19:11-27 As they were listening to these things, Jesus went on to tell them a parable because he was near Jerusalem, and they were thinking that the kingdom of God was going to appear immediately. So he said, "There was a noble man who went into a distant country to receive a kingdom for himself and then to return. He called ten of his own servants and gave them 5 pounds each and said to them, 'Trade with these until I come.' His citizens hated him, and they despatched an embassy after him, saying, 'We do not wish this man to be king over us.' When he had received the kingdom and had returned, he ordered the servants to whom he had given the money to be called to him, that he might know what they had made by trading with it. The first came and said, 'Sir, your 5 pounds has produced 50 pounds.' So he said to him, 'Well done, good servant! Because you have shown yourself faithful in a little thing, you shall have authority over ten cities.' And the second came and said to him also, 'Sir, your 5 pounds has made 25 pounds.' He said to him also, 'You, too, are to be promoted over five cities.' Another came to him and said, 'Sir, here is your 5 pounds, which I was keeping laid away in a towel, for I was afraid of you, because I know that you are a hard man. You take up what you did not put down and you reap what you did not sow.' He said to him, 'Out of your own mouth I judge you, wicked servant. You knew that I am a hard man, taking up what I did not put down, and reaping what I did not sow. You ought, therefore, to have given my money to the bankers, so that when I came, I would have received it plus interest.' He said to those standing by, 'Take the 5 pounds from him and give it to him who has 50 pounds.' They said to him, 'Sir, he has 50 pounds.' I tell you, that to everyone who has it will be given; but from him who has not, even what he has will be taken away. But as for these my enemies, who did not wish to have me as their king--bring them here and hew them to pieces in my presence."

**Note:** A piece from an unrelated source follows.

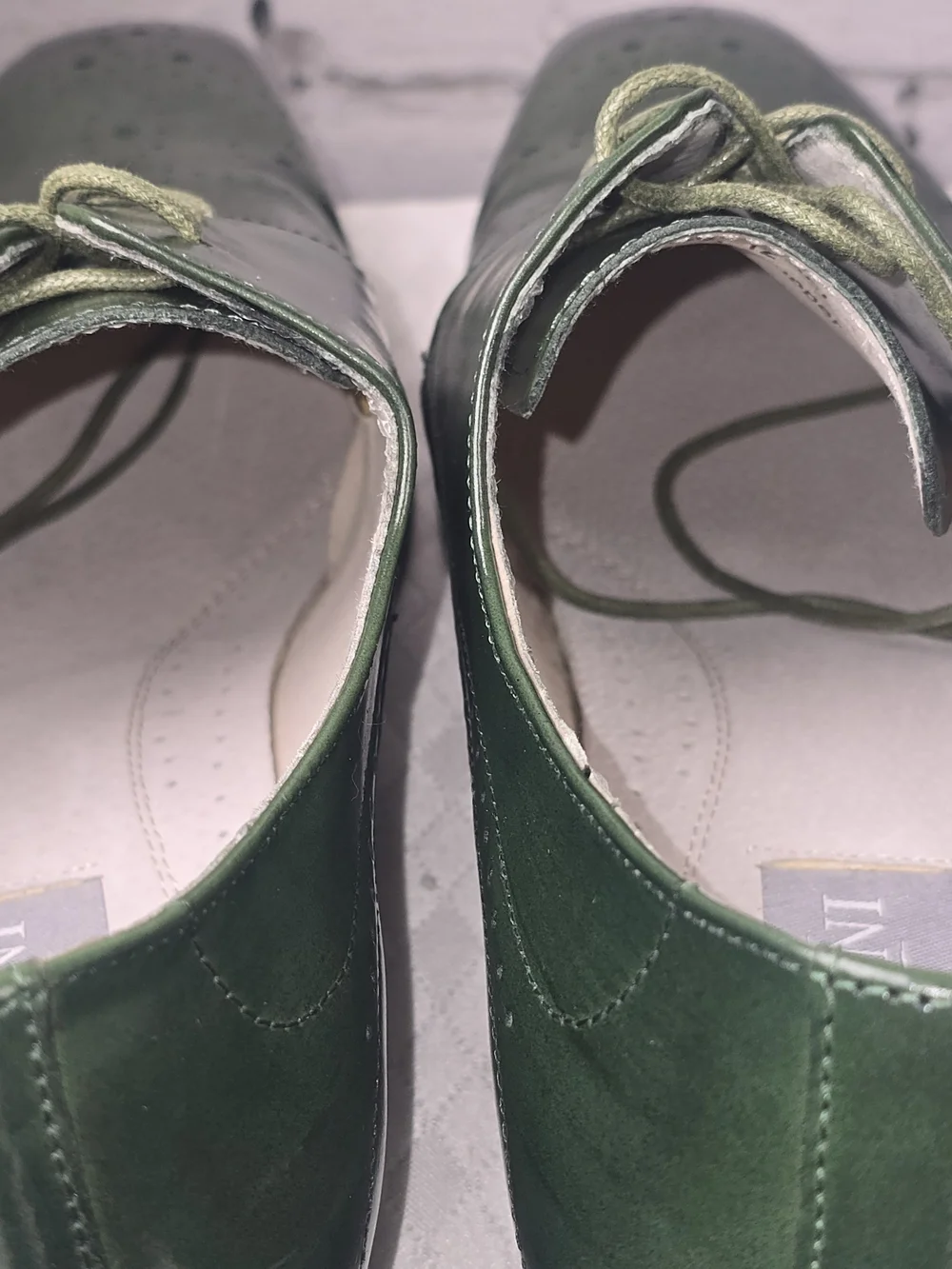 GIOVANNI JOEL MENS GREEN LEATHER LACE-UP DRESS SHOE GLOSSY WING TIP DERBY 12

This is unique among the parables of Jesus, because it is the only one whose story is in part based on an actual historical event. It tells about a king who went away to receive a kingdom and whose subjects did their best to stop him receiving it. When Herod the Great died in 4 B.C. he left his kingdom divided between Herod Antipas, Herod Philip and Archelaus. That division had to be ratified by the Romans, who were the overlords of Palestine, before it became effective. Archelaus, to whom Judaea had been left, went to Rome to persuade Augustus to allow him to enter into his inheritance, whereupon the Jews sent an embassy of fifty men to Rome to inform Augustus that they did not wish to have him as king. In point of fact, Augustus confirmed him in his inheritance, though without the actual title of king. Anyone in Judaea, on hearing the parable, would immediately remember the historical circumstances on which it was based.
The parable of the king and his servants illustrates certain great facts of the Christian life.

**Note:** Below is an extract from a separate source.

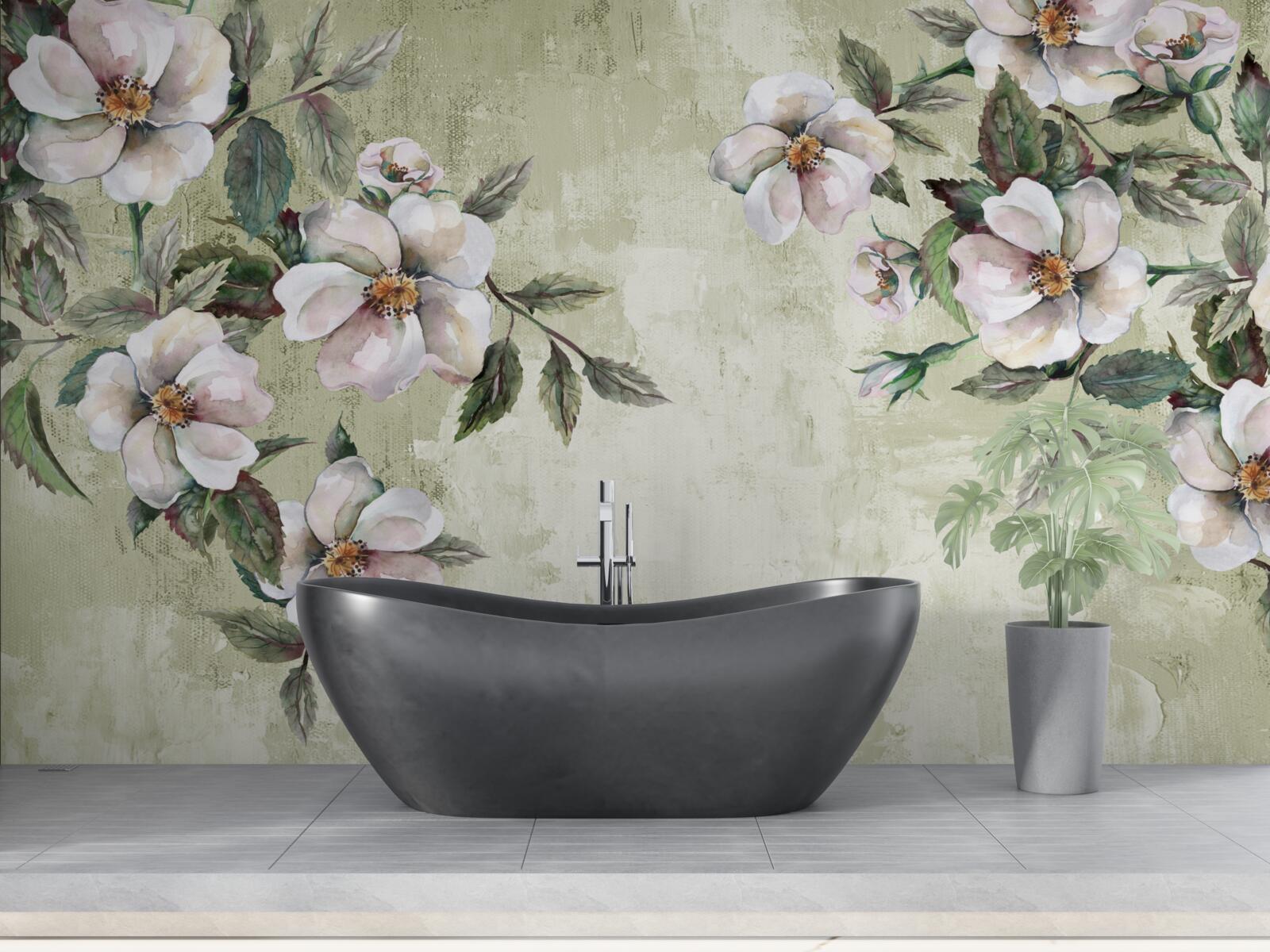 Fotobehang de spreidende takken van de sneeuwwitte magnolia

(i) It tells of the king's trust. He gave his servants the money and then went away and left them to use it as they could and as they thought best. He did not in any way interfere with them, or stand over them. He left them entirely to their own devices. That is the way in which God trusts us. Someone has said, "The nicest thing about God is that he trusts us to do so much by ourselves."
(ii) It tells of the king's test. As always, this trust was a test, of whether or not a man was faithful and reliable in little things. Sometimes a man justifies a certain large inefficiency in the ordinary routine affairs of life by claiming that "he has a mind above trifles." God has not. It is precisely in these routine duties that God is testing men. There is no example of this like Jesus himself. Of his thirty-three years of life Jesus spent thirty in Nazareth. Had he not discharged with absolute fidelity the tasks of the carpenter's shop in Nazareth and the obligation of being the breadwinner of the family, God could never have given him the supreme task of being the Saviour of the world.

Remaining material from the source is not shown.